• [EXERCISE]:
Repeat verbatim what the listing holds, but not its pictures.

• [INFORMATION PROVIDED]:
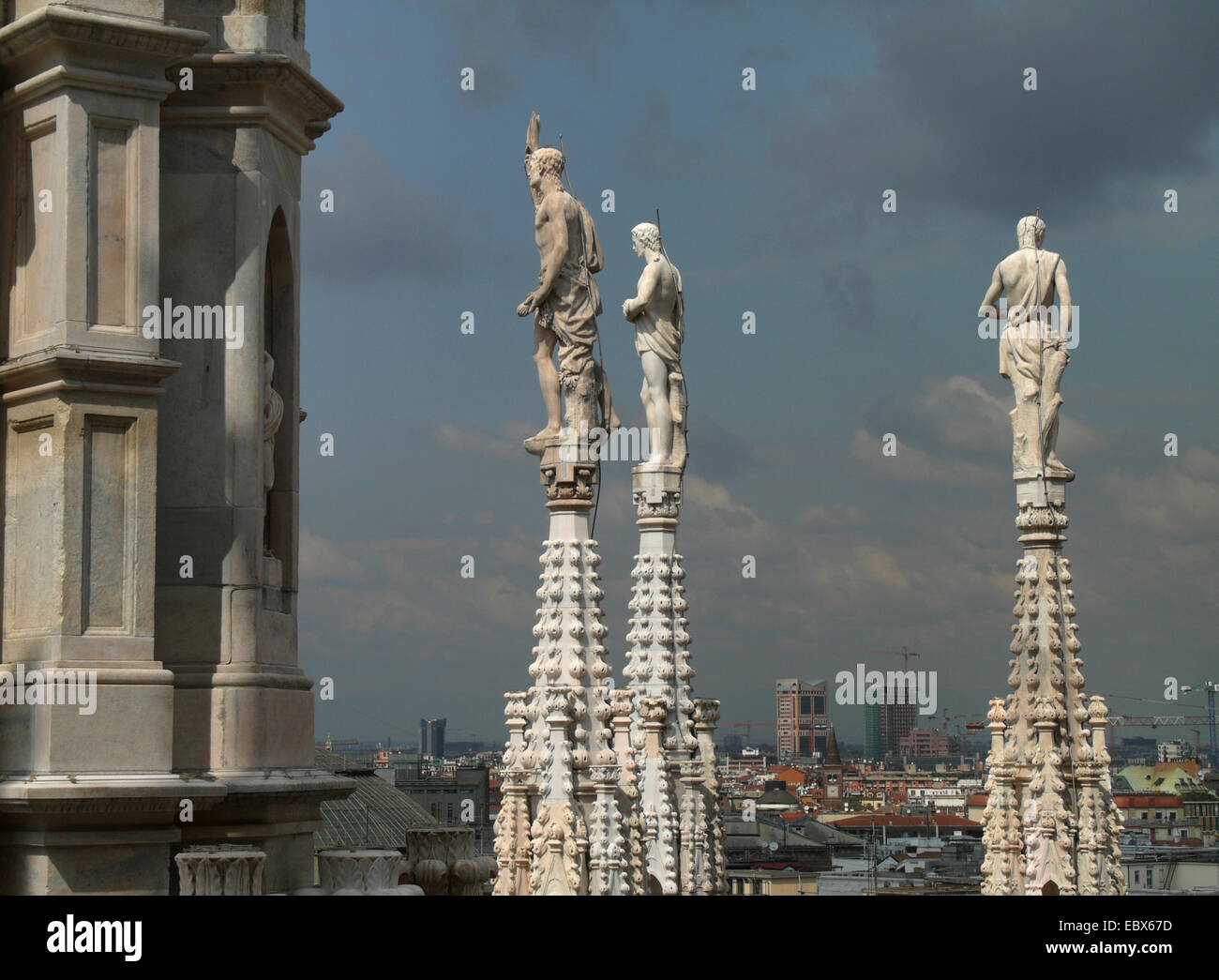 Vie aus Mailand Kathedrale, Italien, Mailand, Milan Stockfoto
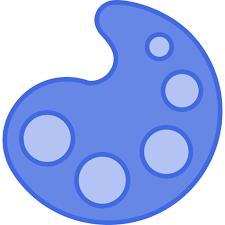 Color Palette Generic Blue Icon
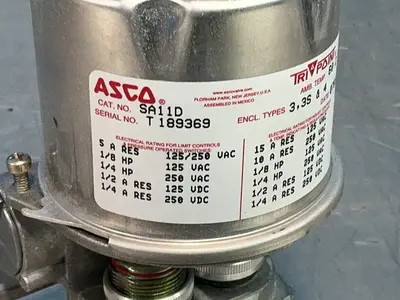 New | in-Stock ASCO SA11D Pressure Switches Ohio US | HGR 24 #1251146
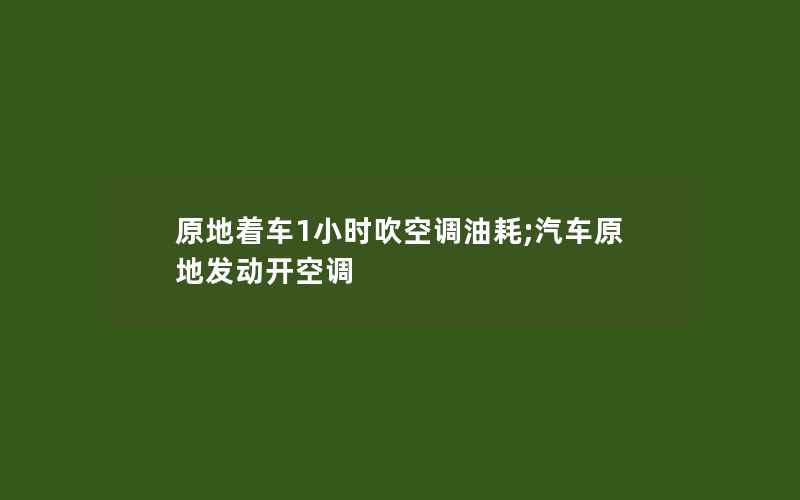 原地着车1小时吹空调油耗;汽车原地发动开空调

• [ANSWER TO THIS TASK]:
 Vie aus Mailand Kathedrale, Italien, Mailand, Milan Stockfoto
 Color Palette Generic Blue Icon
 New | in-Stock ASCO SA11D Pressure Switches Ohio US | HGR 24 #1251146
 原地着车1小时吹空调油耗;汽车原地发动开空调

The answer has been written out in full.